First, because it is so much easier to check things using Google Translate on my phone. And before everyone screams in horror: I never take its pronouncements as Gospel. If I need to know a short phrase or correct declension/conjugation, I will often speak into my phone, look at what Google Translate offers and then reverse the process by saying the Russian to discover the resultant English translation.  Then if I am still not convinced, I will look at some of the alternative translations on offer, and most useful of all, I will type the phrase into a site such as Reverso which offers real life contextual examples. This final benefit is, I think, the main reason I have moved away from using dictionaries. While it is easy to find single words or verbs with a quick check online, that’s not helpful in isolation. We need to see the words in situations to be sure we’re using them appropriately. Good dictionaries offer examples, but they can’t compete with the internet. Sometimes if I am still uncertain about a phrase, having run it through Google Translate, reverso and the WWW in general, I’ll revert to my dictionary, but interestingly the last time I did that and went with the advice of the dictionary, I ended up with a not-quite-right sentence. The internet had been right after all.
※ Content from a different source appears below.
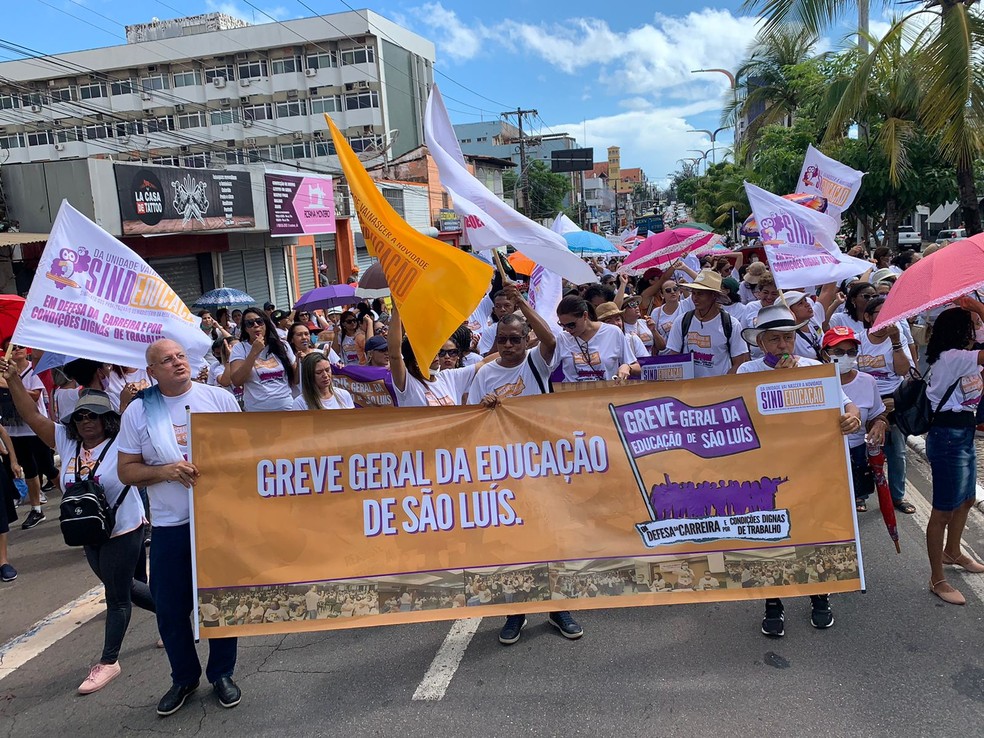 Professores da rede municipal de São Luís saem em passeata para exigir reajuste de 33,24%; greve da categoria chega a uma semana — Foto: Paulo Soares/Grupo Mirante
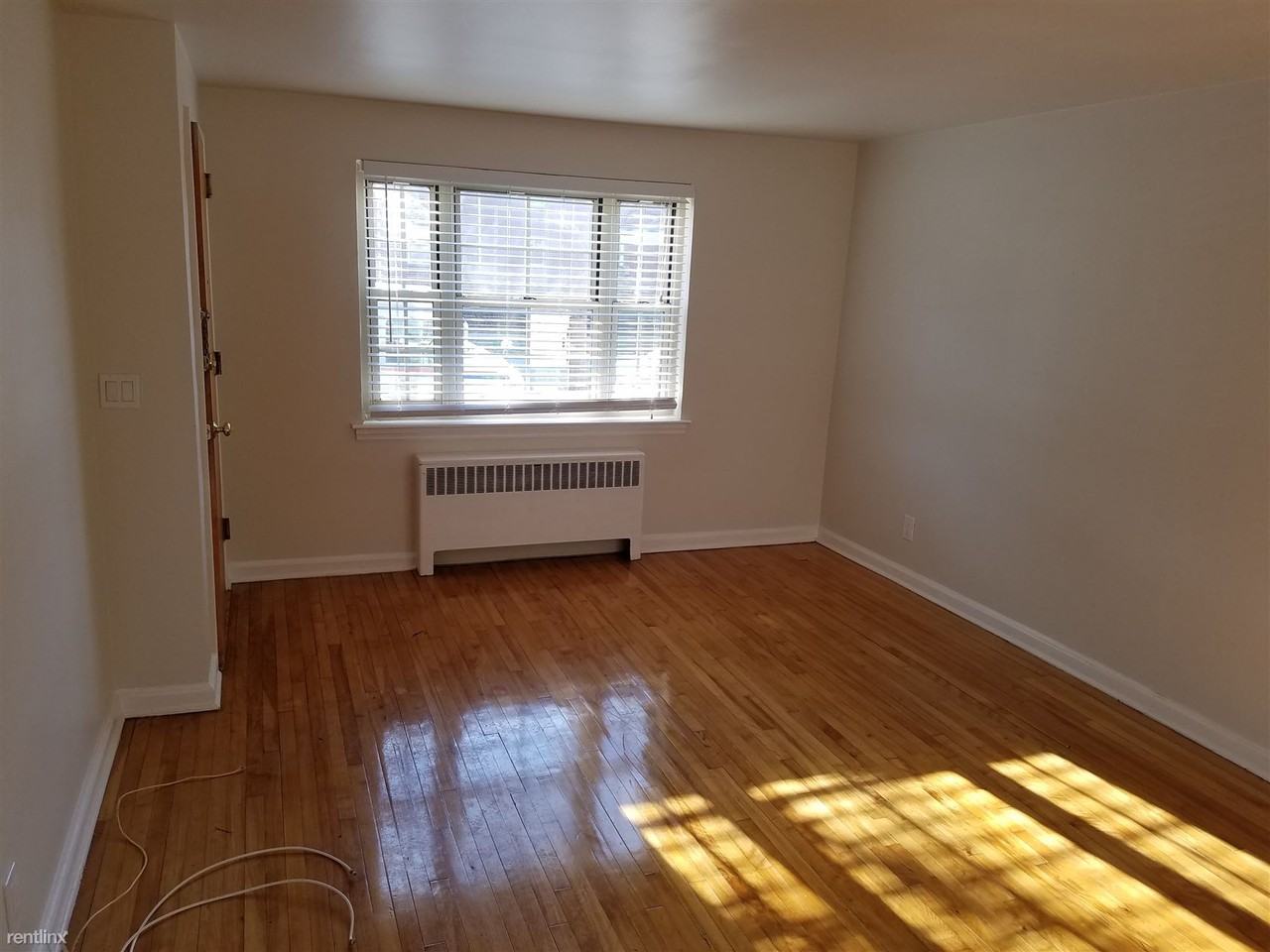 New providence gardens - Photo 2 of 9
And dictionaries – the paper kind – can’t pronounce words for you. Well they can highlight the stress and offer a phonetic transcript, but much better to hear real people pronouncing the words online. ( I confess I am slightly sceptical of Google Translate’s rather robotic readers, but they’ll do for me for the time being.)

In terms of verbs, at the level I am at so far, my 501 Russian verbs book serves me much better than a dictionary  because not only does it give me all the conjugations with some useful related expressions, but you can find words more quickly because you don’t have to sift through nouns, adjectives and other extraneous words!!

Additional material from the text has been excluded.